Question

How do you rationalize the denominator and simplify\[\dfrac{{\sqrt {22} }}{{\sqrt {55} }}\]?

Answer 1

Hint: The given question need to be simplified by rationalizing the denominator for which we need to multiply and divide the factor given in the denominator into the fraction given, and then the root of the denominator will get remove and then we can simplify further to get the simplified fraction.

Complete step by step solution:
The above fraction need to be rationalize and then solve further, to rationalize the denominator we need to multiply and divide the denominator term with the fraction, on solving we get:
\[
   \Rightarrow \dfrac{{\sqrt {22} }}{{\sqrt {55} }} \times \dfrac{{\sqrt {55} }}{{\sqrt {55} }} = \dfrac{{\sqrt {22 \times 55} }}{{55}} = \dfrac{{\sqrt {11 \times 2 \times 11 \times 5} }}{{55}} = \dfrac{{11\sqrt {10} }}{{55}} \\
   \Rightarrow \dfrac{{11\sqrt {10} }}{{55}} = \dfrac{{11\sqrt {10} }}{{11 \times 5}} = \dfrac{{\sqrt {10} }}{5} \\
 \]
Here we obtain the fraction in which root is not available in the fraction, here we can solve further to get the answer in the decimal form by solving the numerator and denominator in the decimal form and then get the final possible least answer, but here the question ask to only rationalize the fraction hence we do not have to solve further.

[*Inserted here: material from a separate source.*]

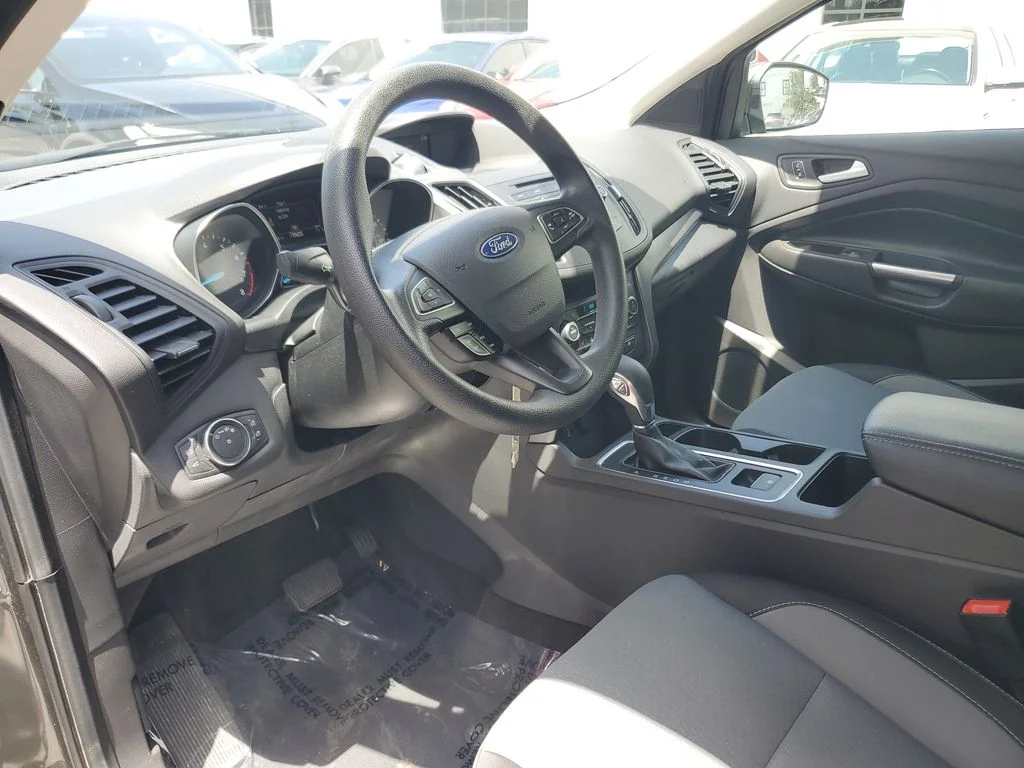 Used 2018 Gray Ford SE image 21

Note: Here we have multiplied and divided the denominator term in the given fraction so as to get the rationalize term after solving the fraction. Rationalizing a fraction means multiplying a new fraction in the old one in which the numerator and denominator have the same term.
In a rationalize type question, we have to multiply and divide with the term given in the part of the fraction which needs to be rationalized, and after multiplying with the term we can get the square term and thus can solve further.